Visual Frontdoor Deconfounder (VFD) — Temporal Memory Attention (MAttn):
- Function: Estimate the general contextual distribution \(\mathbb{E}_{\mathcal{X}'}[\mathbf{X}']\) over visual inputs, completing the second expectation in the frontdoor adjustment formula.
- Mechanism: A sliding-window memory bank \(\mathcal{B}_t = \{x_{t-\tau}\}_{\tau=1}^W\) (\(W=5\)) is maintained. Under a short-term stationarity assumption, the frame distribution within the window is approximately stationary; the expectation is approximated via attention-weighted aggregation over current and historical frames. This is more suitable for dynamic egocentric video streams than static global dictionary approaches, and converges to the true expectation by the law of large numbers.
- Design Motivation: Standard frontdoor adjustment implementations precompute visual context expectations using a static global dictionary, which is impractical for long, dynamically varying egocentric video. The sliding-window scheme maintains theoretical consistency while adapting to temporal dynamics.

Loss & Training¶

The overall loss employs standard segmentation objectives. During training, auxiliary segmentation losses are computed on features from the last 3 layers of the RGB encoder to provide richer training signal.
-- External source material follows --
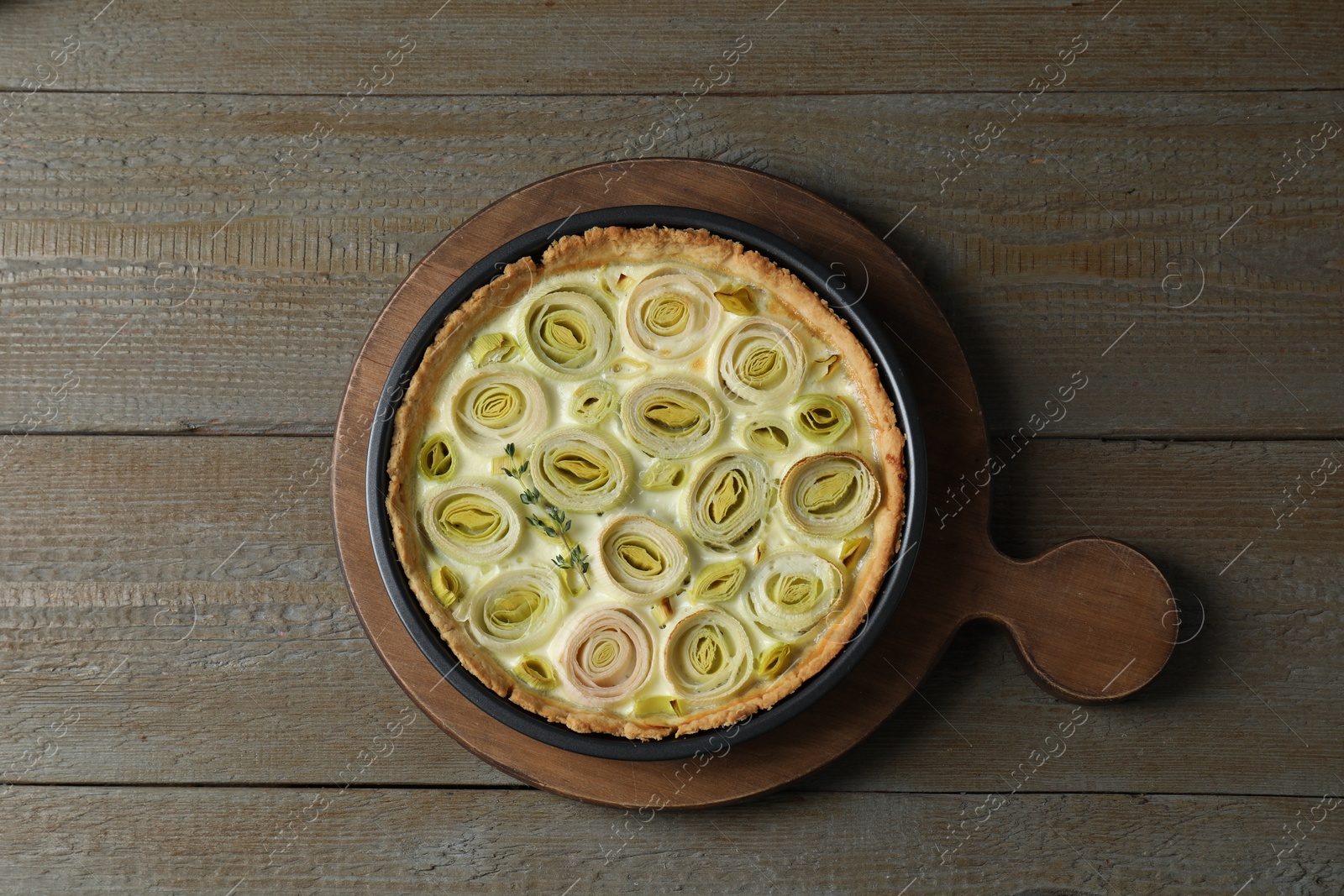 Photo of Tasty leek pie on wooden table, top view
At inference, only the debiased visual features from the final layer are used. Visual and mediator features are fused via gated residual connection: \(\mathbf{f}'_\mathcal{X}(x_t) = \sigma \cdot \text{MLP}([\hat{\mathbf{M}}; \hat{\mathbf{X}}_t]) + (1-\sigma) \cdot \mathbf{X}_t\).

Key Experimental Results¶

Main Results¶

Dataset	Method	mIoU⊕↑	cIoU⊕↑	gIoU↑	Acc↑
VISOR (R101)	ActionVOS	59.9	67.2	69.9	73.4
VISOR (R101)	CERES	64.0	72.8	72.4	76.3
VISOR (SwinL)	ActionVOS	66.3	71.9	68.7	73.4
VISOR (SwinL)	CERES	67.0	73.6	71.8	75.2
VISOR-Novel	ActionVOS	55.3	62.8	65.8	69.4
VISOR-Novel	CERES	60.0	69.9	67.9	72.2
VSCOS	ActionVOS	52.5	57.7	—	—
VSCOS	CERES	55.3	62.5	—	—
VOST	ActionVOS	30.2	17.6	—	—
VOST	CERES	32.0	21.7	—	—

Ablation Study¶

Configuration	mIoU⊕↑	mIoU⊖↓	gIoU↑	Acc↑
Baseline (ActionVOS)	59.9	16.3	69.9	73.4
+ LBD only	61.2	16.0	71.4	74.8
+ DAttn (MLP depth)	62.1	17.5	70.5	73.6
+ DAttn (cross-attn)	63.3	15.8	71.8	75.3
+ DAttn + MAttn	63.1	14.9	72.1	76.1
Full CERES	64.0	15.3	72.4	76.3

Key Findings¶

DAttn (cross-attention depth fusion) contributes most, improving mIoU⊕ by 3.4% when introduced alone and outperforming MLP-based depth fusion, validating the superiority of the causal mediator design.
Adding MAttn reduces mIoU⊖ to its lowest value (14.9%), indicating that temporal context helps better discriminate positive from negative samples.
On the rare-concept subset, CERES outperforms ActionVOS by 3.9% mIoU⊕ (62.3% vs. 58.4%), confirming LBD's effectiveness in eliminating statistical bias.
A temporal window of \(W=5\) is the optimal trade-off; further increases yield diminishing returns.

Highlights & Insights¶

Unified dual-modal causal framework: A single framework simultaneously addresses two qualitatively distinct confounders — observable language bias (backdoor) and unobservable visual confusion (frontdoor) — offering a more comprehensive treatment than prior causal methods that handle only one type.
Depth information as causal mediator: Rather than naively concatenating RGB and depth features, the authors ground the use of depth in causal theory, demonstrating its robustness to visual confounders and using it to guide semantic feature aggregation. This paradigm is transferable to any visual task requiring domain-shift handling.
Plug-and-play design: CERES functions as a modular plugin compatible with multiple RVOS backbones (R101/VSwinB/SwinL), offering strong practical utility.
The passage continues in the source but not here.